Mi verrebbe da dire che forse, davvero, si stesse meglio quando le hit erano “Mamma” piuttosto che la trap o i sempre più insapori brani sanremesi.
A queste congetture, forse personali, e dettate dalla malinconia (ma siamo certi che Matteo su quella abbia voluto molto puntare) c’è da soffermarsi sulle ottime qualità vocali e tecniche dell’interprete: una voce dal timbro piacevole, non scontato, che Matteo padroneggia con facilità.

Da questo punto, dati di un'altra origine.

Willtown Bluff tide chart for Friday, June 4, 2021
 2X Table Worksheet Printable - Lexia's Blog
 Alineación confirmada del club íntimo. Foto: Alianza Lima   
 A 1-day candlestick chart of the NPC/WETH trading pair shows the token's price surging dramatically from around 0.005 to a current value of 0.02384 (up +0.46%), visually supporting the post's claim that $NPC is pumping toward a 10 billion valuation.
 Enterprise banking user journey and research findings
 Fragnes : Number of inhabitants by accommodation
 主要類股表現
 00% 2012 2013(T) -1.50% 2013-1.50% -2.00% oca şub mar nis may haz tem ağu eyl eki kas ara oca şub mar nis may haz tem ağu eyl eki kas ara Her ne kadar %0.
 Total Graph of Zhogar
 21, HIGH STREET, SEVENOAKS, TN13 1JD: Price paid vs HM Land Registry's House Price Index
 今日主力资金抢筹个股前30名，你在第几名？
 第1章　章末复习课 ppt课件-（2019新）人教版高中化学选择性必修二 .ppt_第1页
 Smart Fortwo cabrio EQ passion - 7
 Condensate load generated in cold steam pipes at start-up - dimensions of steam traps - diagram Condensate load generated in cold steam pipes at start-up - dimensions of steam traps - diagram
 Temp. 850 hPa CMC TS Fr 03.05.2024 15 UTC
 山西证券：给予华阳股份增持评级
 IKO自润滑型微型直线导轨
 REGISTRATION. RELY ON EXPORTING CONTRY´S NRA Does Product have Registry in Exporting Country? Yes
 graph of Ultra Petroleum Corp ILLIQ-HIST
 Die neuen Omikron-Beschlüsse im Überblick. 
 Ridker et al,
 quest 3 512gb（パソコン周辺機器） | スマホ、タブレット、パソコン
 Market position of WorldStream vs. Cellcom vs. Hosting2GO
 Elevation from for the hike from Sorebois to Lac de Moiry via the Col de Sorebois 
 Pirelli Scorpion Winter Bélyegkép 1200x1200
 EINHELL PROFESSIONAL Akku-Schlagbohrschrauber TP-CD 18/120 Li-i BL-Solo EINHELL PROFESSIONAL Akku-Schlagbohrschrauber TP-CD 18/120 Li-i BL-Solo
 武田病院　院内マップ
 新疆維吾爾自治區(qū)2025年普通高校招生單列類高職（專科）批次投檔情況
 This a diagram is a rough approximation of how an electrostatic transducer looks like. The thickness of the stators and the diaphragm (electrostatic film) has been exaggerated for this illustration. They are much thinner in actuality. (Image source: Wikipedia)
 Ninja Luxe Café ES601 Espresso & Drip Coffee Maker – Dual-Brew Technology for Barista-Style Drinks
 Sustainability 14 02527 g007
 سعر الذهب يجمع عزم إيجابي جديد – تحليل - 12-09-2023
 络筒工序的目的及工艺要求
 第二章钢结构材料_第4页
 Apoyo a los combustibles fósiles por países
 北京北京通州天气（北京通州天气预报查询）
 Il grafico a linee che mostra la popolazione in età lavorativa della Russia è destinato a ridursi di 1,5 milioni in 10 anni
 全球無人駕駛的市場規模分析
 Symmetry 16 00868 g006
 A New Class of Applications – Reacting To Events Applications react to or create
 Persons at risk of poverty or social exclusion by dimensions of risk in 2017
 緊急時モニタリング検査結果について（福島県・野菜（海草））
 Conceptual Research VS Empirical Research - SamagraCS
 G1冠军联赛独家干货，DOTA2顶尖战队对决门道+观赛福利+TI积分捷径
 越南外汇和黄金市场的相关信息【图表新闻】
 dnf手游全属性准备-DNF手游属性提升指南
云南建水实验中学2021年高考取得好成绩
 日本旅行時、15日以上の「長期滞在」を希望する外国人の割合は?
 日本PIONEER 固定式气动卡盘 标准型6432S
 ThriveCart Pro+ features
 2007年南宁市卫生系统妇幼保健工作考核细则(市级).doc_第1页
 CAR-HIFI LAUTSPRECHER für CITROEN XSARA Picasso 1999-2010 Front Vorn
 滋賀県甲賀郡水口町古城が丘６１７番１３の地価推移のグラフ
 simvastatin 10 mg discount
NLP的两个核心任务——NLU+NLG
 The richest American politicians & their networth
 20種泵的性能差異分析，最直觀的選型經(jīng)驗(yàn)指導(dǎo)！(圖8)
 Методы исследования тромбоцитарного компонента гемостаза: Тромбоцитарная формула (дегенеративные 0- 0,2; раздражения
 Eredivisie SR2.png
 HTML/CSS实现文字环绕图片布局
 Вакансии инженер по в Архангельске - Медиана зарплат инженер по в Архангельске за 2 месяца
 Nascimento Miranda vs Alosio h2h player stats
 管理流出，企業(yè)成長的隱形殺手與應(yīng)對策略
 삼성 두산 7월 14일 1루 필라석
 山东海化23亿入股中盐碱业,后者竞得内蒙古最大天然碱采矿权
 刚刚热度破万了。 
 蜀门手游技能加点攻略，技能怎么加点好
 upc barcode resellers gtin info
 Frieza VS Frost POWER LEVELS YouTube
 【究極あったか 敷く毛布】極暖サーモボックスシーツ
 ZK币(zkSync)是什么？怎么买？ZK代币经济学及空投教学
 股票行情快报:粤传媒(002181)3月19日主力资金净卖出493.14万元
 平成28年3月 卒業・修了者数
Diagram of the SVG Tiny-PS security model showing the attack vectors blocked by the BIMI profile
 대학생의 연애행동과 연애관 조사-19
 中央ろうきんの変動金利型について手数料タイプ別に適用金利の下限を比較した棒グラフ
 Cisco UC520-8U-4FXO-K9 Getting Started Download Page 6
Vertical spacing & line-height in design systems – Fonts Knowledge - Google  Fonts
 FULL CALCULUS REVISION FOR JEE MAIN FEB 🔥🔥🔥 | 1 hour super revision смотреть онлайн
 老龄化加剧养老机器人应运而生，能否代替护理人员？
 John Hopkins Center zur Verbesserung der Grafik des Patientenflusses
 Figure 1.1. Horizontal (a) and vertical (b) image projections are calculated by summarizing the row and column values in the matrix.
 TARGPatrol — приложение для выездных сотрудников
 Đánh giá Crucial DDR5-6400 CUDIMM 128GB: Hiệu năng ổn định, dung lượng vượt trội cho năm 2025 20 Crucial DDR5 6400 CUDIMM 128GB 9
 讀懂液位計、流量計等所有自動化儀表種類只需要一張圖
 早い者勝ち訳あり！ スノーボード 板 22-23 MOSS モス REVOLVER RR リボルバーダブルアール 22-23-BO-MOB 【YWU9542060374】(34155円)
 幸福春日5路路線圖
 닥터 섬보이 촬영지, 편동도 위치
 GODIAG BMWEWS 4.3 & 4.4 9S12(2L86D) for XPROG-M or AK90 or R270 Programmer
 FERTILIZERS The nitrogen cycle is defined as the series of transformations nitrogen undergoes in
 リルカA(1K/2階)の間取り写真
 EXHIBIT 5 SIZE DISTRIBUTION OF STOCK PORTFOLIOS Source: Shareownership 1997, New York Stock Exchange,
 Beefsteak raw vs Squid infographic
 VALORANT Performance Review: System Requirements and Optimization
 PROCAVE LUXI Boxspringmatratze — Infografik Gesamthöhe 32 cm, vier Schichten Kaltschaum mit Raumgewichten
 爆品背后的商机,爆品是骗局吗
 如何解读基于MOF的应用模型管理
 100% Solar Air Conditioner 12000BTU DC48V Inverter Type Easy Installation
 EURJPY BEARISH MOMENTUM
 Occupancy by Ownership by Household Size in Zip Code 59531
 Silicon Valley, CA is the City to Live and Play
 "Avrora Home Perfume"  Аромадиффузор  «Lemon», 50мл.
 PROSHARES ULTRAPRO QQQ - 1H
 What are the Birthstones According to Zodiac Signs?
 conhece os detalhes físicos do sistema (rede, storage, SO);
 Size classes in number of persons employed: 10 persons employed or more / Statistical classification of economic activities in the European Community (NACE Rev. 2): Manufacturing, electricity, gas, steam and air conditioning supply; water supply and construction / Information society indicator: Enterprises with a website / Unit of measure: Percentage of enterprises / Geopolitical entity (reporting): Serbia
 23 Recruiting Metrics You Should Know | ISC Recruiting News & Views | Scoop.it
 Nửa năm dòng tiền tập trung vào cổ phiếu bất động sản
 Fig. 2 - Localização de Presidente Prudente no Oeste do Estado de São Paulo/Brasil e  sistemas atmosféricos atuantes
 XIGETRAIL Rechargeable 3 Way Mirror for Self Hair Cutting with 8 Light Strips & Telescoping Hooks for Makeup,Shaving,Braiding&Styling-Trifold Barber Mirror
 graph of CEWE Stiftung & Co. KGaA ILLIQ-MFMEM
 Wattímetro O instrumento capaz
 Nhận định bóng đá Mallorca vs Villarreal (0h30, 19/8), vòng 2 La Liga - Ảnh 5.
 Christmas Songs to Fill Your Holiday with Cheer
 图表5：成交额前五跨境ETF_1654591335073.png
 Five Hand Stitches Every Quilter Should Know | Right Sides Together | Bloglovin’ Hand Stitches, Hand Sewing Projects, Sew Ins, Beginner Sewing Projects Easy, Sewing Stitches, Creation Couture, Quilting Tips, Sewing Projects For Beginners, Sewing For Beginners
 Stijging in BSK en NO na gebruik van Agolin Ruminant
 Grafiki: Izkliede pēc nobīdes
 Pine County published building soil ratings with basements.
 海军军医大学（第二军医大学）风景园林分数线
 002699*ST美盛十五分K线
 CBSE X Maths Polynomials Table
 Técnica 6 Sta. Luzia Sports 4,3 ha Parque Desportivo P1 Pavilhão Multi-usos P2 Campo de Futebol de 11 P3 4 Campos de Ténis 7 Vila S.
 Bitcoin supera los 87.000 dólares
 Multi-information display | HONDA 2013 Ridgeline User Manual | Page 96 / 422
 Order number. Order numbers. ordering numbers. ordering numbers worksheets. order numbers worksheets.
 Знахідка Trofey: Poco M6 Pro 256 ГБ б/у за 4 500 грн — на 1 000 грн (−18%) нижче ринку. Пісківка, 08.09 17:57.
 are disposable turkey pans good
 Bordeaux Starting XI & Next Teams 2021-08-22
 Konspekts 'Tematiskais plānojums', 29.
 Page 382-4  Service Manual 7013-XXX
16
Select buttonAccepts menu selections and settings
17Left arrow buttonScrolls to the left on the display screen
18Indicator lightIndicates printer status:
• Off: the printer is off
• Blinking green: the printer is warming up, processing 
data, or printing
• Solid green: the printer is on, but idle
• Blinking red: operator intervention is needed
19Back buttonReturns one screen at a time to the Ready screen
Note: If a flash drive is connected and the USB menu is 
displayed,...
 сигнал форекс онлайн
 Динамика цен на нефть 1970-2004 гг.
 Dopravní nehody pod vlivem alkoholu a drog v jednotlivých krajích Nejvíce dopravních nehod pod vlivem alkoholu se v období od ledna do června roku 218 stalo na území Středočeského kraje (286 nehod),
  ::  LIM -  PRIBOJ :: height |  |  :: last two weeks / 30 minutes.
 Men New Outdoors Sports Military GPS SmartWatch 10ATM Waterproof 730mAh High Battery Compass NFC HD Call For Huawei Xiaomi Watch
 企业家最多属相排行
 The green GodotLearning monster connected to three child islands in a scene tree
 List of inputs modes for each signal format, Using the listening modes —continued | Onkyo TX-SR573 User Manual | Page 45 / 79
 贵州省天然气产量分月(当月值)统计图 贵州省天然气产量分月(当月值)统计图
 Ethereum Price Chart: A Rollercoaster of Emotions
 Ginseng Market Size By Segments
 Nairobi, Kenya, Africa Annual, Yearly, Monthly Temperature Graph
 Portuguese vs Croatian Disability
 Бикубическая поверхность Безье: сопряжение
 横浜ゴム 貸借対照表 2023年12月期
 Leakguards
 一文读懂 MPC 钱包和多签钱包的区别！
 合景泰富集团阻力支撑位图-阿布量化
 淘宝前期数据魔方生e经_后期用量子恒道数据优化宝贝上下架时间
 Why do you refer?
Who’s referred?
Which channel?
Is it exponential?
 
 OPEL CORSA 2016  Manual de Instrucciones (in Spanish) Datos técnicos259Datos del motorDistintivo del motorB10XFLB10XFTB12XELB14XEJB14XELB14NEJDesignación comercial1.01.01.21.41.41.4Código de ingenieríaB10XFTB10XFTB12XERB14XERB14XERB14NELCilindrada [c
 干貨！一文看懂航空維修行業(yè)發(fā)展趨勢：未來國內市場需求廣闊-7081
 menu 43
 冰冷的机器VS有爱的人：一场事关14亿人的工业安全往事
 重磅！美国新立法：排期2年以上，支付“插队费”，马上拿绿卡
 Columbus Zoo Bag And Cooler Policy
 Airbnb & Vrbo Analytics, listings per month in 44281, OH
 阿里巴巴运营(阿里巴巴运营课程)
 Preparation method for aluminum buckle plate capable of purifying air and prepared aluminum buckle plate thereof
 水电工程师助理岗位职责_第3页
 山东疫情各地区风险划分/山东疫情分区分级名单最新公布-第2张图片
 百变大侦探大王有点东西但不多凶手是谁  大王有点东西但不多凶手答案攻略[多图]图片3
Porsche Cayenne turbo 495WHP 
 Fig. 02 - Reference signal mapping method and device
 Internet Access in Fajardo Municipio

A ricordare a tutti l’importanza dello studio che, quando c’è, non ha certo bisogno di aiutini (dimentichiamoci l’autotune, grazie!). I brani scivolano leggeri, supportati da un ottimo arrangiamento e dalla volontà di renderli il più possibile adesi all’originale.
Lo stesso Matteo afferma di aver affrontato un lungo processo selettivo per arrivare alla tracklist definitiva e al risultato di ogni singola registrazione. Come se non bastasse, “Maramao” non è solo un viaggio nel vintage della musica italiana, ma (anche e soprattutto) uno spettacolo teatrale voce e piano nel quale il progetto tutto prende vera vita.
E di fronte a tutto questo non ci resta che toglierci il cappello, come facevano i nostri nonni, e ringraziare per lo spettacolo.